Las tropas internacionales defienden allí un poder político impresentable. Tanto en el Gobierno como en el Parlamento, sientan sus reales individuos que están acusados de numerosos crímenes de guerra. La llamada comunidad internacional, capitaneada por EEUU, no sólo no ha hecho nada por llevarlos ante los tribunales, sino que les ha prestado su apoyo y los ha aupado al poder, por la simple y pura razón de que sirven sus intereses.
Un caso reciente ilustra esta realidad. Está protagonizado por Malalai Joya, la más joven integrante del Parlamento afgano. Pese a su juventud (tiene 29 años), cuenta con un largo historial de luchadora por los derechos de las mujeres y los niños. Ya a los 19 años impartía cursos de alfabetización para mujeres. De ahí pasó a dirigir un orfanato y un centro de salud. En 2003 despertó el interés de no pocos foros internacionales por sus denuncias concretas sobre la implicación de los señores de la guerra en la redacción de la nueva Constitución afgana. Cuando se celebraron elecciones dos años después, salió designada parlamentaria por la provincia de Fará. En la Cámara Baja ha sido desde entonces la protagonista de constantes denuncias de la composición del propio Parlamento y de las actividades de muchos de sus miembros.

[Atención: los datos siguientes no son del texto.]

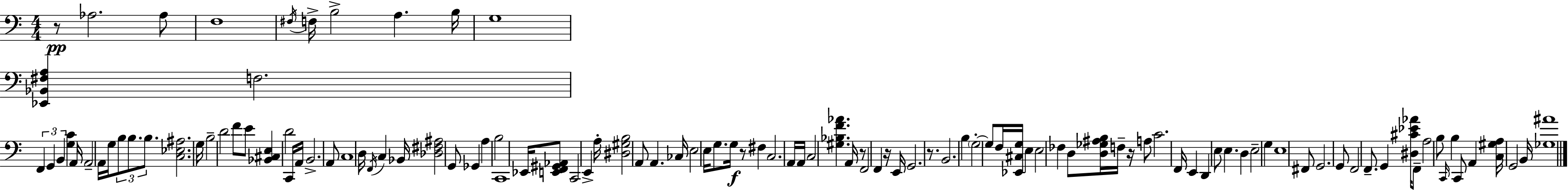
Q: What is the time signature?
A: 4/4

Tras una de sus críticas, en la que sostuvo que ese Parlamento es peor que un establo, porque en los establos hay animales útiles, la Cámara tomó el pasado 21 de mayo la resolución de privarle de su condición de parlamentaria, limitar sus movimientos y llevarla a juicio, demostrando cómo se entienden allí el derecho de crítica parlamentaria y la libertad de expresión.
Joya, que ha sobrevivido ya a cuatro intentos de asesinato, ha dejado claro que no va a cerrar la boca. Human Right Watch ha exigido que cese la persecución contra ella. Luisa Morgantini, vicepresidenta del Parlamento Europeo, se ha sumado a la demanda.
Conviene que se sepa la clase de poder afgano que está protegiendo nuestro Gobierno, tan humanitario él.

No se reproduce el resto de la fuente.